The DQP line from proficiencies
to assignments to records
Cliff Adelman, Institute for Higher Education Policy
March 28, 2014
What are we going to talk about?
• Language, faculty, IR, and registrars
• How to write proficiency statements under which
student performance can be judged.
• Language signals: statement type, voice, diction
level.
• The line working backwards from assignments, and
the “Ah, hah!” moment for faculty.
• The challenge of recording proficiencies.
• The greater challenge of reporting student
proficiencies.
The form of proficiency statements,
what’s out:
• “Ability.” You don’t know a student has an “ability” to do
something until they do it. “Ability” and “capacity” are
white noise.
• “Awareness.” At best, it’s peripheral consciousness, and
you don’t award degrees based on consciousness.
• “Appreciation.” Tell us what a student does when they
“appreciate” something! Even music conservatories don’t
use the term.
• “Critical thinking,” the championship mush phrase of the
millennium. Describe the cognitive operations of “critical
thinking” and you have true assignment-oriented lead-in
verbs! You can drop the foggy short-hand now!
The form of proficiency statements: no lead
verbs, no assignments! So what’s in, Part I?
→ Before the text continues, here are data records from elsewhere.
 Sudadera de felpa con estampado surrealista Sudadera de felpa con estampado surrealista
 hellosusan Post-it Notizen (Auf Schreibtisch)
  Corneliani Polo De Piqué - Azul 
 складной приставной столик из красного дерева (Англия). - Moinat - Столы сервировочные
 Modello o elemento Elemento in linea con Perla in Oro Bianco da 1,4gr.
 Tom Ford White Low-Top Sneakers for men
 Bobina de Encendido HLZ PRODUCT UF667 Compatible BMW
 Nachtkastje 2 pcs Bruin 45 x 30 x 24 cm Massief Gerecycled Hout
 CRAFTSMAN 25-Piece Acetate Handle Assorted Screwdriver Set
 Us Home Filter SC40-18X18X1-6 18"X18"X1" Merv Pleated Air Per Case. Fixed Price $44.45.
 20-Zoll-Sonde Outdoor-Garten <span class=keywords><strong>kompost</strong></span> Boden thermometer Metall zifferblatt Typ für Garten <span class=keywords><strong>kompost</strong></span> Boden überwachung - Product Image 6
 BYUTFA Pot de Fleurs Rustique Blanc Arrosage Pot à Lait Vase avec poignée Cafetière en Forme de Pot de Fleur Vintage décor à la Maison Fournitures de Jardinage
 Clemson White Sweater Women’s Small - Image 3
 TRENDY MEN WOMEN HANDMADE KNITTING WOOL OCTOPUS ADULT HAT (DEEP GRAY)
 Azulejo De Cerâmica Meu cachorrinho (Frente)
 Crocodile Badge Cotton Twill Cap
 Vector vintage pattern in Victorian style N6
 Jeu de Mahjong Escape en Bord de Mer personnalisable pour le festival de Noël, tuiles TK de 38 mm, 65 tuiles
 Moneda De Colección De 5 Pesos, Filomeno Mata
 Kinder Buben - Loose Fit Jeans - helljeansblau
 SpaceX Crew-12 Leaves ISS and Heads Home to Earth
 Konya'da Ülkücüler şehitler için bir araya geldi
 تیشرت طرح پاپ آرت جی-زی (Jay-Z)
• Delineating: categorize, characterize, classify,
define, describe, determine, frame, identify,
prioritize, specify
• Explicating: articulate, clarify, explain, illustrate,
interpret, outline, translate
• Examining: analyze, compare, contrast,
differentiate, distinguish, extract, formulate, map
• Combining: assimilate, consolidate, connect,
integrate, link, synthesize, summarize
I think you begin to see what I mean, so. . .
Want some more cognitive action verbs for
proficiency statements? Try the following
categories:
• Inquiring: experiment, explore, hypothesize,
investigate, research
• Making: build, compose, construct, craft, create,
design, develop, generate, model, shape, simulate
• Operating: administer, control, coordinate, engage,
lead, maintain, navigate, optimize, plan, undertake
• Converging: collaborate, contribute, interact,
negotiate, participate
• Valuating: audit, appraise, assess, evaluate, judge
And so forth. Some of these are stronger prompts
than others; some could appear in two categories.
A lead into noun problems, too: Why is
language important in the proficiency world?
• It signals statement type (competence, discrete
outcome, metacompetence)
• It signals status of the proficiency (possession,
development, goal)
• Voice (declarative, imperative, subjunctive) signals
the student whether fulfilling or exceeding the
performance specified is assumed, required, or
simply desired. This is a matter of intentionality.
• Diction level (on a concrete/abstract continuum) is a
camera lens setting on the breadth, tractability, and
accessibility of the statement’s subject.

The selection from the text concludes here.